Ein Hoch auf das Familienbett

familienbett, mama blog
Unser Weg zum Familienbett war irgendwie anders. Im Juli 2015 sind wir umgezogen. Ein Haus mit vielen Zimmern und so auch eines für unseren Sohn, der im Juni 1 Jahr alt geworden ist. Er schlief vom ersten Tag im neuen Haus in seinem Zimmer und seinem Bett und das sogar wirklich gern. Abends rief er ganz selten nach Mami oder Papi. Meistens schlief er tatsächlich durch. Es war für uns alle okay, wie ich jetzt ein wenig verwundert feststellen muss. Doch die Silvesternacht sollte alles verändern.

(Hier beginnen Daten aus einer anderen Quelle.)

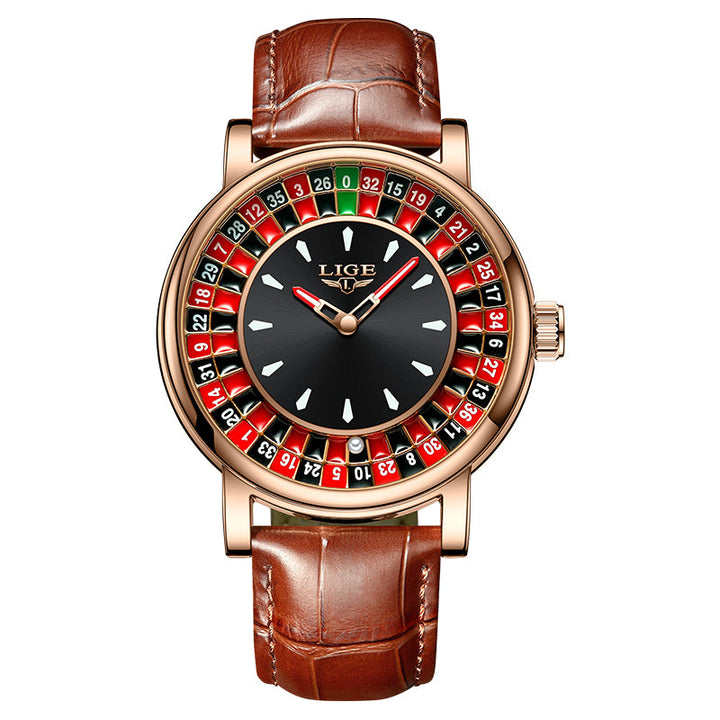 Sophisticated men's statement watch. Bold roulette dial, premium strap. A unique & modern timepiece.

Wir hatten uns für den bevorstehenden Jahreswechsel nichts besonderes vorgenommen. Da mein Mann am 01.01. arbeiten musste und ich nicht ohne ihn losziehen wollte, blieben wir einfach daheim. Wir aßen gemeinsm und tranken ein Gläschen Champagner zusammen.
Pünktlich um 00:00 Uhr standen wir auf der Terrasse und begrüßten das neue Jahr indem wir uns das Feuerwerk der Nachbarschaft ansahen. Wirklich schön. Und schon “rief” unser Sohn das erste Mal durch das Babyphone. Er beruhigte sich auf meinem Arm recht schnell und ich legte ihn wieder ab.

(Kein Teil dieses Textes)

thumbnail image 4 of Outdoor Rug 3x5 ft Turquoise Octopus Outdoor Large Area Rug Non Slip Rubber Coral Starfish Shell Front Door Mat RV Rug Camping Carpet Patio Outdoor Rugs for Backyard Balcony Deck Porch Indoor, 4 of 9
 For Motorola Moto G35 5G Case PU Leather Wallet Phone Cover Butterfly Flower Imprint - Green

Da wir auf dem Dorf wohnen war mittlerweile auch das Feuerwerk verebbt, der Geräuschpegel jedoch nicht wesentlich leiser, denn unser gegenüberliegender Nachbar feierte eine angekündigte Silvesterparty. Klar, haben wir ja auch Verständnis, es war ja Silvester und da will man auch keine Spaßbremse sein und sich beschweren.
Es wurde 01:00 Uhr und mein Mann und ich gingen ins Bett. “Rums, Rums, Rums” ” düdel düdel düdel”… in einer Tour. Ich dachte noch, Wahnsinn, dass das Kind da schlafen kann. Es war wirklich abartig laut.

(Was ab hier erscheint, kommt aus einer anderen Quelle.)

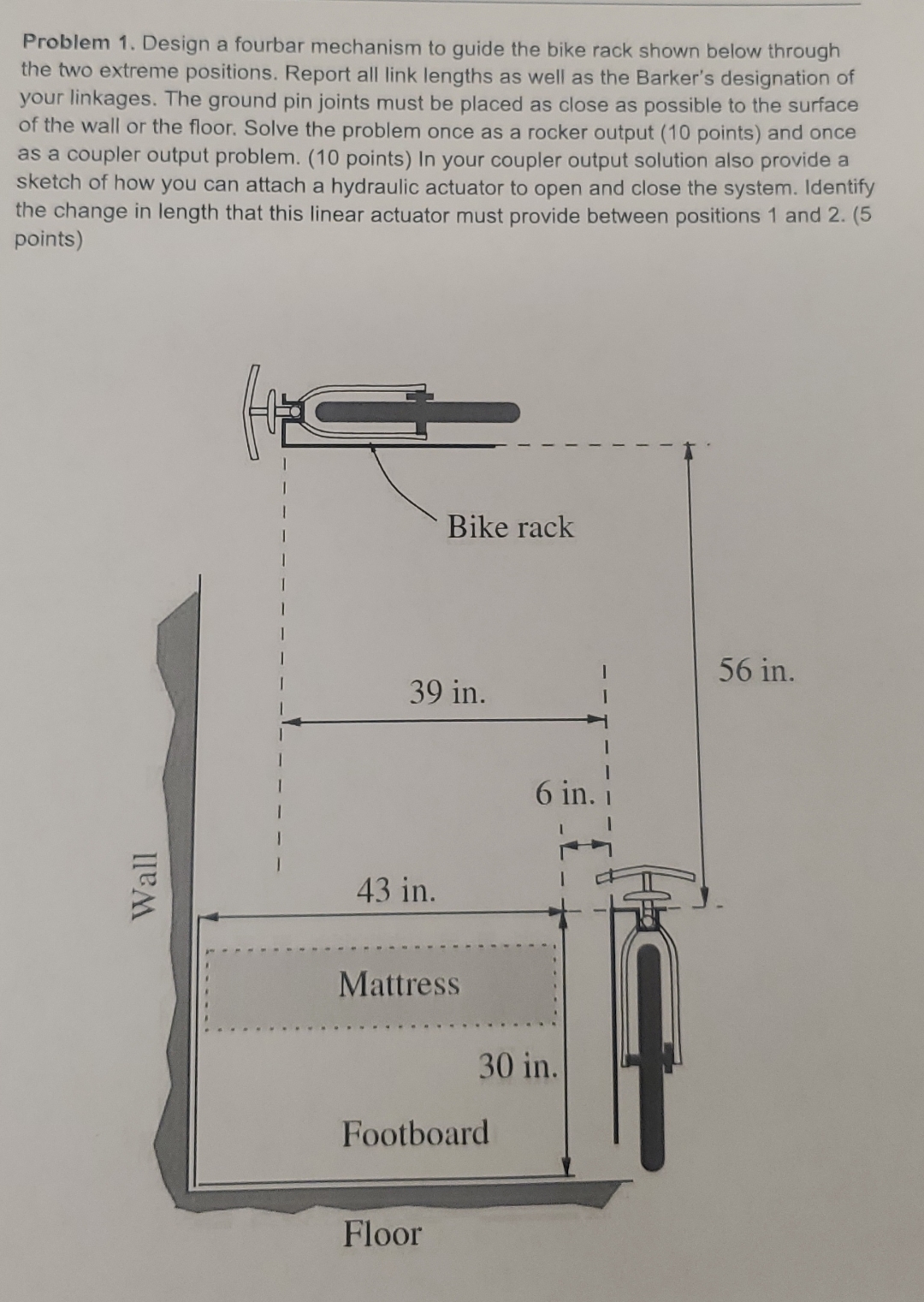 Solved Design a fourbar mechanism to guide the bike rack | Chegg.com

Wir lagen mit offenen Augen im Bett und versuchten irgendwie in den Schlaf zu finden. Es wurde 02:00 Uhr. Das Kind “rief” wieder. Es war so laut, dass er die Augen aufschlug und mich ansah. Ich nahm ihn mit zu uns, da er auf dem Arm nicht mehr einschlafen konnte. Auch bei uns im Bett wälzte sich der kleine Mann immer noch lange hin und her. Aber mit der Zeit fand er dann in den Schlaf.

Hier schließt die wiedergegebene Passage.